Robson pointed out that it was a true story, set in the past, and refused to remove the references, and so it fell to Box, the film’s relatively untried art director, to find somewhere to double as China. He chose Wales.
“It was down to me — how the hell do you make this bloody movie,” Box said later. “There was a huge amount of money involved with Ingrid Bergman’s salary.”
In one of the most audacious chapters in film-location history, Box built a walled Chinese city at Nantmor in Snowdonia. “All the bombers going in and all the rest of it was all done in Wales . . . I just had a feeling that Wales and Chinese watercolours had an affinity.”
The move was so successful that Wales became a regular stand-in for Asia, in everything from Carry on Up the Khyber (1968) to Lara Croft Tomb Raider: The Cradle of Life (2003).
John Box built a reputation as a man who could work wonders on location, transforming the unlikeliest of places into somewhere on a different continent. He was perhaps British cinema’s most distinguished art director and production designer — the person responsible for the physical appearance of the world in which the drama unfolds.
Box worked regularly with the great British directors David Lean and Carol Reed and won no fewer than four Oscars — for Lawrence of Arabia (1962), Doctor Zhivago (1965), Oliver! (1968) and Nicholas and Alexandra (1971). It is no surprise that he also won three British Academy Awards, though it reflects the richness of his career that they were for three entirely different films — A Man for All Seasons (1966), The Great Gatsby (1974) and Rollerball (1975).
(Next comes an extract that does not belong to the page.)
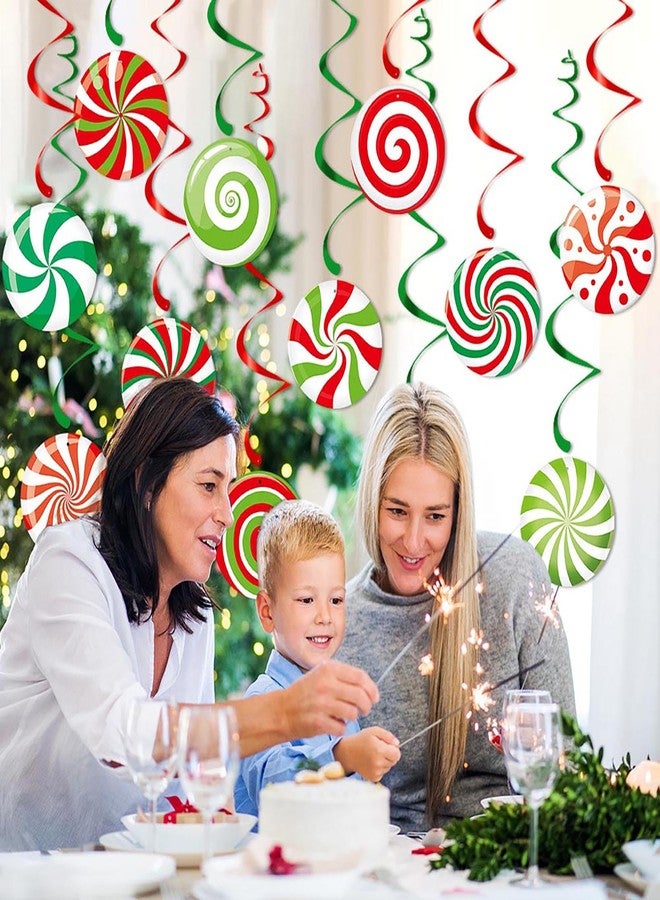 Hugtmr Christmas Candy Party-Decorations Garland Banners - 12Pcs Green Red White Streamers Hanging Swirl,Baby Shower Birthday Wedding Ornaments Classroom Supplies Decor Hugtmr - Image 5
His most notable films often had period settings, which were frequently lavish. His sets for Reed’s Oliver! however showed that he could bring lavish and imaginative design sense to Dickensian poverty. The film was shot in Shepperton Studios, though many thought the sets were real locations. Most of all, his designs were evocative — all those rags in Oliver!, all that snow in Zhivago, all that sand in Lawrence. His approach seemed to complement that of the famously perfectionist David Lean.
Initially he felt that the scene in Lawrence of Arabia when Omar Sharif makes his entrance as a distant figure riding across a hazy desert was bland. He ordered that the camel path to the well should be painted white and bordered with black pebbles to focus the viewer’s eye on Sharif.
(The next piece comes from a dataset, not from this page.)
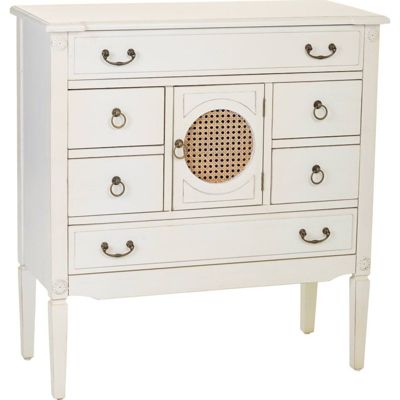 commode blanche ancienne avec porte à grille et six tiroirs 90 x 85 x 38 cm blanc antique avec détails bronze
Afterwards Lean told Box, “You’ll never do a better bit of designing in films — ever.”
Lean later wrote: “The painted path to the well and the black tongues of pebble pointing towards the approaching figure was a created pattern, a design, which was part of the drama. Not an affectation. No one noticed it, but I’m quite sure it helped contribute to the impact of the sequence.”
It became one of the most celebrated shots in cinema history.